Your Black World: "First Black President" Confronts Reality: Will Black Folks Follow Suit?

By: Tolu Olorunda

Staff Writer -

“I tell you this much, it’s up to every one of you/

Learn from the past or the future will punish you/

Power flows to those who remember/”

- Hip-Hop artist and philosopher, Canibus, in his 2002 album, Mic Club: The Curriculum.

Perhaps at this very moment, Grand-Author, Toni Morrison, is recanting her 1998 words, suggesting that Bill Clinton was the embodiment of the “first black president,” because he displayed “almost every trope of blackness: single-parent household, born poor, working-class, saxophone-playing, McDonald’s-and-junk-food-loving boy from Arkansas.” For what good is it to be an esteemed culture critic, and have the memories of an ill-conceived statement lurking behind your every mention and declaration. But upon a moments’ reflection, Ms. Morrison is merely a mirror-image of the heartfelt conviction of millions of Black folks who, having being mesmerized by the allure of a president who went the extra mile in rendering unfulfillable promises, had become emotionally overdosed and dwarfed by political immaturity. One thing is for certain however: 99% of the Black population which believed Bill “Bubba” Clinton to be the first black president holds no such sentiment anymore. With Barack Obama’s emergence as the new Messiah, most of those Black voters have little need for the “counterfeit” Black president, when the possibility of a “real” Black president is more tangible than ever before.

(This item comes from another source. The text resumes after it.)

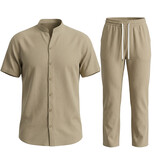 ENOS Zomerset Heren - Zomerbroek Heren - Shirt en Lange Broek  - Twinsets - C211 - Bruin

Bill Clinton has, of recent, had to confront a reality most familiar to Black folks: A feeling of usage and exploitation. In Bill’s mind, it was virtually unimaginable to be relegated to the sidelines – all in the name of the materialization of a long-sought dream: The fulfillment of a bonafide Black president. Much of this ongoing struggle to acknowledge reality is playing out in dramatic fashion on the national political field. In recent appearances on both, The View, and Late Show with David Letterman, Bill Clinton has appeared to be, at the very least, uneasy about accommodating the prospect of Barack Obama attaining victory in November – by way of Obama’s skill, charisma, character and intellect. Clinton has cited numerous fanciful and coincidental rationales why Barack Obama will win; which included tribalism, political exasperation and sheer luck. No doubt President Clinton is still reeling from the painful, public rebuff he received from the Black Community – a community he considered to be a second home (albeit he never earned such credit). Chris Rock, the grand comedian, noticed this hardly hidden expression. In an immediate appearance following Clinton’s feature on David Letterman, Rock noted, “Is it me, or he didn’t want to say the name Barack Obama?” Whether Bill Clinton is capable of conceding the Baton to Barack Obama or not, one thing is for certain: The Black Community has moved on. But what does “moving on” delineate? Is the Black Community more politically knowledgeable and literate as a result of this encounter with the Clintons, or are we back to the same old childish games of embracing the lesser of two evil, which, to paraphrase Ralph Nader, would only yield us “evil” and “less.”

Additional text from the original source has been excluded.